Guido Vrola - Fotolia
Before the 2012 presidential election, data science guru Nate Silver famously used an analytical model to correctly predict the winner in all 50 states. His model wasn't so prescient last November: On the morning of Election Day, it gave Hillary Clinton a 71.4% chance of winning the presidency -- a probability it had increased by six percentage points over the previous 48 hours. As things turned out, the model made the wrong call in each of the five battleground states that swung the 2016 election to Donald Trump.
But Silver almost, kind of, sort of predicted exactly what happened: a popular vote win and electoral college loss for Clinton. In several blog posts about the model's forecast, including a final one published early on Election Day, he outlined that scenario as a distinct possibility, pointing to factors such as the potential for polling errors to erase Clinton's thin leads in key states. In the end, though, the founder and editor in chief of the analytics website FiveThirtyEight stuck with his data-driven approach and wrote that Clinton "is probably going to win, and she could win by a big margin."
This isn't meant to be a critique of Nate Silver and his analytics methods. Yes, he did get it wrong, like just about everyone else who tried to forecast the election. But he came the closest to getting it right among the data scientists making predictions based on what advanced analytics algorithms were telling them. Clearly, he saw something in the data that gave him second thoughts. It appears to be a case in which human intuition nearly trumped (sorry) the ultimately faulty output of an analytical model. And there are lessons to be learned from that for analytics managers and data scientists in the corporate world.

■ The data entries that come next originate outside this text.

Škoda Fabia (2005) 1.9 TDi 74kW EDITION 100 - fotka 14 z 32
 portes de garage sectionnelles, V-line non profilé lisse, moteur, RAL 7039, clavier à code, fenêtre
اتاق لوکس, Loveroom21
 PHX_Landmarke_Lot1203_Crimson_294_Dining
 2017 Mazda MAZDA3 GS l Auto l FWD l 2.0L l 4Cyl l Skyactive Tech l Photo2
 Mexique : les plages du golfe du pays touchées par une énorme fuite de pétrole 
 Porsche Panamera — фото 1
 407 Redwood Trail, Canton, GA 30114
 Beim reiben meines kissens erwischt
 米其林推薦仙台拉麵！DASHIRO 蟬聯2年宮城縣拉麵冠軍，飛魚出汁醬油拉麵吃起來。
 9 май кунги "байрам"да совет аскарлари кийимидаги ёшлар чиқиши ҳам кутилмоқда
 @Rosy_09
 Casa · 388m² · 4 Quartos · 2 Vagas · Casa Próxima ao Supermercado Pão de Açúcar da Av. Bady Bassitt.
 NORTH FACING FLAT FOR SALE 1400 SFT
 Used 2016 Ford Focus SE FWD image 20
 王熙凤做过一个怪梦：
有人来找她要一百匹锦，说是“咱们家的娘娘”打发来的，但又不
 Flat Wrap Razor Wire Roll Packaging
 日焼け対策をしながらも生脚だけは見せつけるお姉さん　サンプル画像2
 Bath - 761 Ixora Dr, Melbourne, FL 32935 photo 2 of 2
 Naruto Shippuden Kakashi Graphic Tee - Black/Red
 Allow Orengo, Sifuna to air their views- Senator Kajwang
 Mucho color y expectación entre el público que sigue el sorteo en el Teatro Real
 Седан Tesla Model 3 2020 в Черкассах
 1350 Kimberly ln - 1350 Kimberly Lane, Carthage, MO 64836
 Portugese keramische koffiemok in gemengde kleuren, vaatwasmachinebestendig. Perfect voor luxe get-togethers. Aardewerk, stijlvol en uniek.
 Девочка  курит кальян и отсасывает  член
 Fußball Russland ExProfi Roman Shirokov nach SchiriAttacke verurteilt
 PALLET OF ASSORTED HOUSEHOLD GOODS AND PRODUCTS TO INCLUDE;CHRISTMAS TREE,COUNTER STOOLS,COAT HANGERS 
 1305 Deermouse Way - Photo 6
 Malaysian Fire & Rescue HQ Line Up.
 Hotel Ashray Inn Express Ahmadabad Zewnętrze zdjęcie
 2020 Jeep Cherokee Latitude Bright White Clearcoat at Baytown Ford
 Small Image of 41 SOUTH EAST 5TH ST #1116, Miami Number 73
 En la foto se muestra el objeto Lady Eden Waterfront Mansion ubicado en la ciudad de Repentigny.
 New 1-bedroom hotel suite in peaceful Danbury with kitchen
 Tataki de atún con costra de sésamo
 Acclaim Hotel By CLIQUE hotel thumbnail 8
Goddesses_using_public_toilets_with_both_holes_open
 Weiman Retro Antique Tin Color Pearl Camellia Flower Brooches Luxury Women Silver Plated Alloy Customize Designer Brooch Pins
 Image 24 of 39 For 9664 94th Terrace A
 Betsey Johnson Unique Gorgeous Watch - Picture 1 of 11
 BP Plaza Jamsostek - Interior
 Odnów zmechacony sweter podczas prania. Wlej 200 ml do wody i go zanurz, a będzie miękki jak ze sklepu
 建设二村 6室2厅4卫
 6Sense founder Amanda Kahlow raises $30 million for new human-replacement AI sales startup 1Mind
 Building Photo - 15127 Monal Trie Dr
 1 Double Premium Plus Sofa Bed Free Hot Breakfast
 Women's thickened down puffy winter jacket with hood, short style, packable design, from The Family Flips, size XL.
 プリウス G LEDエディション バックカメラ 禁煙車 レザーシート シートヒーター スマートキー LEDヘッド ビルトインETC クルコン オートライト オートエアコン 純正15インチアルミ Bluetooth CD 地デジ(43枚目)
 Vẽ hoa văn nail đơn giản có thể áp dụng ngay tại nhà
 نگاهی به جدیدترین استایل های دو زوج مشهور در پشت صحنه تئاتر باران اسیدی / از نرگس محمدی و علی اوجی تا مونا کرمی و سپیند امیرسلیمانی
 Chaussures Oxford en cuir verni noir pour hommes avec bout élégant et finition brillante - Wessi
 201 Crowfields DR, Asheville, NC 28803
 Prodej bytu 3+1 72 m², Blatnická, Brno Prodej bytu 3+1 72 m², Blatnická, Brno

The downsides of analytics data
Data is a wonderful thing, but it isn't infallible. Data sets, especially ones pulled together from different source systems, are bound to include inconsistencies and errors that can send analytics efforts awry if they aren't identified and fixed beforehand. "Noisy" data hides valid information among spurious stuff that can skew analytical results in unsavory ways. Relevant data may never find its way into a predictive model in the first place, leaving data analysts to work with incomplete info.
This issue is becoming a bigger one for analytics teams as more organizations deploy big data systems and predictive analytics tools, including machine learning and artificial intelligence software. In an ongoing survey being conducted by SearchBusinessAnalytics publisher TechTarget, predictive analytics ranks first among business intelligence (BI) and analytics technologies for planned purchases. As of mid-January, 39.6% of the 7,000-plus IT, analytics and business professionals who responded to the survey said their organizations were looking to invest in predictive analytics over the next 12 months.
Don't get me wrong: A data-driven approach is likely to help improve decision-making in companies and to arm business executives, marketing managers and other end users with information they can use to boost business performance. I've talked to IT, BI and analytics managers who are still struggling to get the execs in their organizations to use data analysis tools. Managing business operations based on accumulated knowledge, previous experience and gut feel definitely isn't infallible, either.
Get involved in analytics applications
However, human judgment, on the part of both data analysts and the business users they serve, shouldn't be tossed aside completely. That starts with the data preparation process -- data scientists and data engineers must make sure that they're working with the right data and that it's properly structured and organized for the intended analytics applications. It continues as predictive models are built and then tested -- or "trained" -- to try to ensure that they'll produce valid results. And it certainly applies as data scientists review those results and assess their accuracy, and as the findings are shared with end users.
Auto insurer Progressive is one company that leans heavily on a data-driven approach in its business decision-making processes. "We want people to have intuition and ideas, but they need to prove them out with data," said Pawan Divakarla, Progressive's data and analytics business leader.
At the same time, though, the company's data scientists spend a lot of time cleaning up data for analysis and then evaluating the accuracy of algorithms and how to improve them. It's crucial that the information generated by the algorithms can be safely relied on in proving out all those intuitions and ideas, Divakarla said.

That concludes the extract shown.